Peruvian Primera División
- Season: 1956
- Dates: 5 August 1956 – 8 December 1956
- Champions: Sporting Cristal (1st title)
- Runner up: Alianza Lima
- Relegated: Carlos Concha
- Matches: 90
- Goals: 299 (3.32 per match)
- Top goalscorer: Daniel Ruiz (16 goals)

= 1956 Peruvian Primera División =

The 1956 season of the Peruvian Primera División, the top category of Peruvian football, was played by 10 teams.

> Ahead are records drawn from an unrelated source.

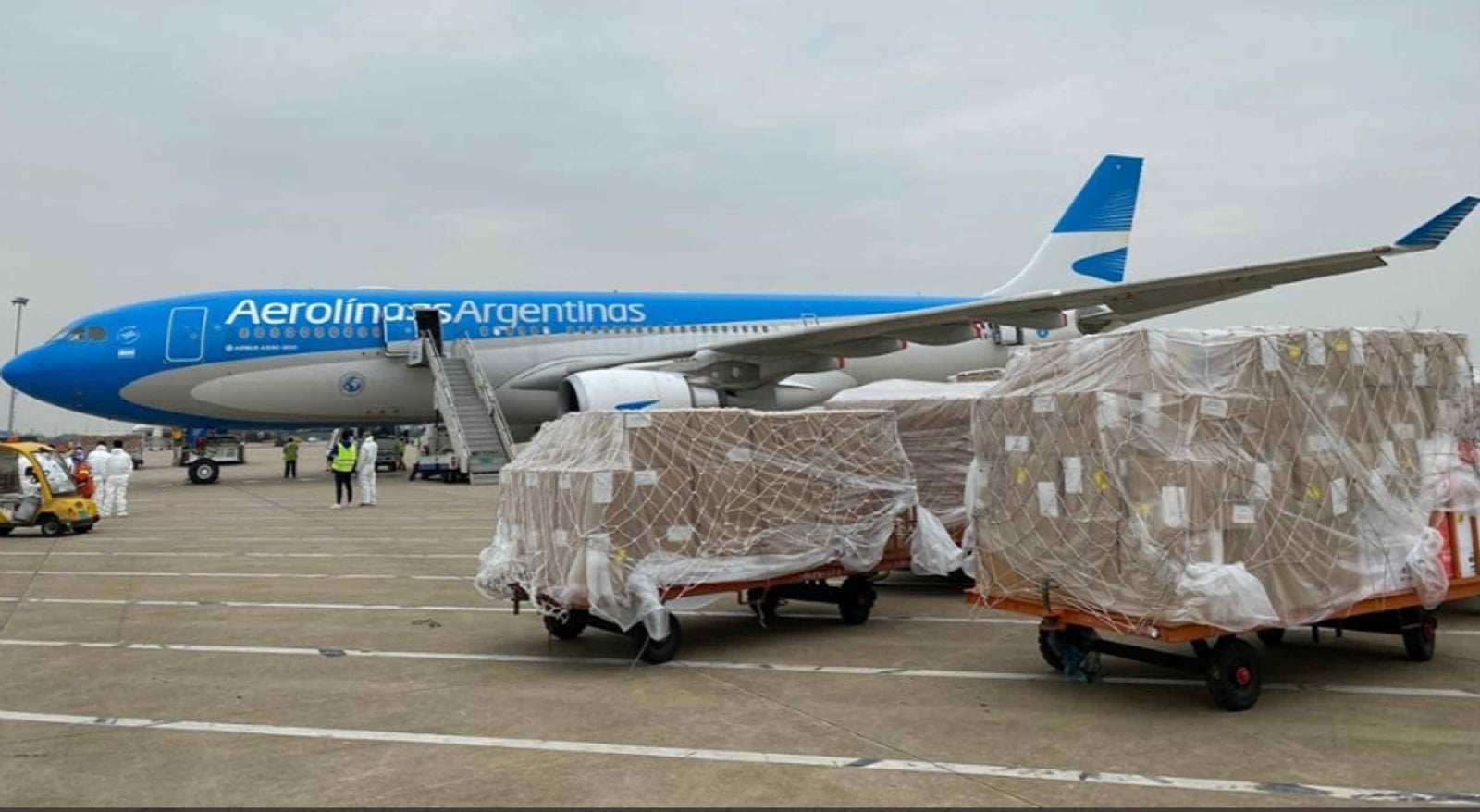 aerolineas_1_1587345762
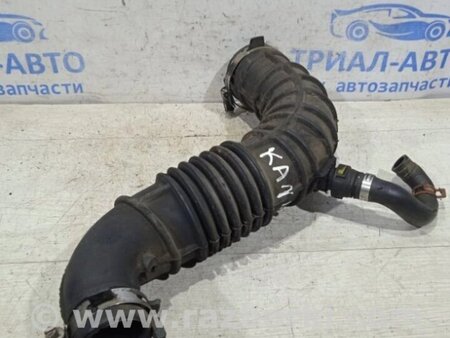 ФОТО Патрубок повітряного фільтра для Renault Kangoo Киев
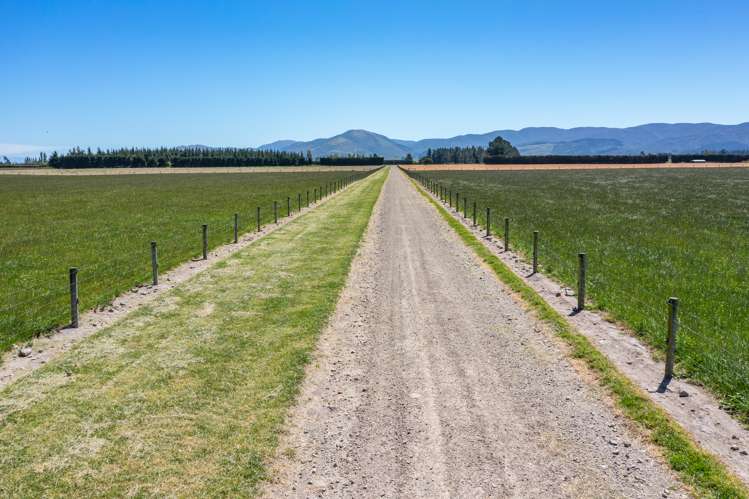 260 Hayland Road Okuku_12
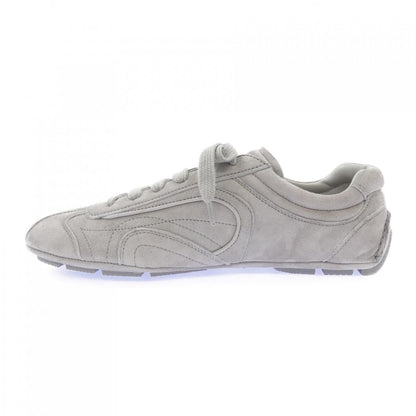 Prada Sneakers Gray — view 2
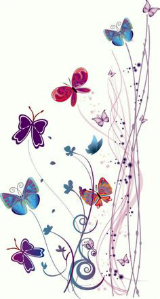 Tatuagem Feminina Na Costela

The national champions were Sporting Cristal.

==Competition format==
All teams faced each other in a double round-robin format, playing home and away matches. The team that accumulated the highest number of points at the end of the season was automatically crowned champion, while the team with the fewest points was relegated to the Peruvian Segunda División.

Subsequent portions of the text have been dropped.